### Aim of the task
The entries below contain a stretch that opens with the line containing "Memburu Avanza Idaman" and closes with the line containing "Used Maruti Suzuki"; set down that stretch exactly, both ends included, and nothing else.

### Material shown

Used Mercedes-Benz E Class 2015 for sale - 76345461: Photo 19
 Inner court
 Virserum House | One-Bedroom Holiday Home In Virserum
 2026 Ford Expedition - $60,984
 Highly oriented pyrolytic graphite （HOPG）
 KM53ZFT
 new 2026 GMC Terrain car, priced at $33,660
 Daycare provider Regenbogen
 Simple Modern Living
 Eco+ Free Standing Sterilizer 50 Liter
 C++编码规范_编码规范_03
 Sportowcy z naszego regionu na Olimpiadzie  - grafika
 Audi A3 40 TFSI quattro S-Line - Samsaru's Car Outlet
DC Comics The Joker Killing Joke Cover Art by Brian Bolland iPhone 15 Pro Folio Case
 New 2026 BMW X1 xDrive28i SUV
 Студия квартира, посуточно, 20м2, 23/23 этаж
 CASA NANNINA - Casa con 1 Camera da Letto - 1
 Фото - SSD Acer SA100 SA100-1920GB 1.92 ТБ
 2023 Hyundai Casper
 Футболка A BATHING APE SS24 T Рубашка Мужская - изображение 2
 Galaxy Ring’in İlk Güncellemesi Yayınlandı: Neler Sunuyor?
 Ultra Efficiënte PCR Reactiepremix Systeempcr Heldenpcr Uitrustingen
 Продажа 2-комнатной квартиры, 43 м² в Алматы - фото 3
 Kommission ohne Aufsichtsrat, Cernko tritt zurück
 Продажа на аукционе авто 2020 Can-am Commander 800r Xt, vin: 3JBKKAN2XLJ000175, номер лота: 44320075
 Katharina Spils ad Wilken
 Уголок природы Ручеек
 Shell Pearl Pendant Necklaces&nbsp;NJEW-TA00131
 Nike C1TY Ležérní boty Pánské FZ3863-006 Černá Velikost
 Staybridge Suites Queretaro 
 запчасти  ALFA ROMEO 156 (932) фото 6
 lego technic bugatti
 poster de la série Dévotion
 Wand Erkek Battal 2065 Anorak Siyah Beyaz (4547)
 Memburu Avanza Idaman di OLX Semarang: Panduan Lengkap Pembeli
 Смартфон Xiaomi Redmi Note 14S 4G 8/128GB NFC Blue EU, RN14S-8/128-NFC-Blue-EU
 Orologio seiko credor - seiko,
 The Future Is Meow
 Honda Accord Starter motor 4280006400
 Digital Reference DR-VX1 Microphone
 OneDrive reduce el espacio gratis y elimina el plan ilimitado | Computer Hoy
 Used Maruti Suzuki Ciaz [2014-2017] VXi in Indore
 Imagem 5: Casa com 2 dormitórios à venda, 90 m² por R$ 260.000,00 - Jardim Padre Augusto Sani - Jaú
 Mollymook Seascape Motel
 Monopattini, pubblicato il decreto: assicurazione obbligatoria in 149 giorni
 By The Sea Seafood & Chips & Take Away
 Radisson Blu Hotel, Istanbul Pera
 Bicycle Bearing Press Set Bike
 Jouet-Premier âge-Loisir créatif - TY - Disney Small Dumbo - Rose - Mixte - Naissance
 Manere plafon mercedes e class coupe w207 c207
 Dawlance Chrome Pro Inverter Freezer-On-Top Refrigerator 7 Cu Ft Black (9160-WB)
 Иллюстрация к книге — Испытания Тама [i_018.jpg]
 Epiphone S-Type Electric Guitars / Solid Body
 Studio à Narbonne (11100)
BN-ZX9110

### Expected answer
 Memburu Avanza Idaman di OLX Semarang: Panduan Lengkap Pembeli
 Смартфон Xiaomi Redmi Note 14S 4G 8/128GB NFC Blue EU, RN14S-8/128-NFC-Blue-EU
 Orologio seiko credor - seiko,
 The Future Is Meow
 Honda Accord Starter motor 4280006400
 Digital Reference DR-VX1 Microphone
 OneDrive reduce el espacio gratis y elimina el plan ilimitado | Computer Hoy
 Used Maruti Suzuki Ciaz [2014-2017] VXi in Indore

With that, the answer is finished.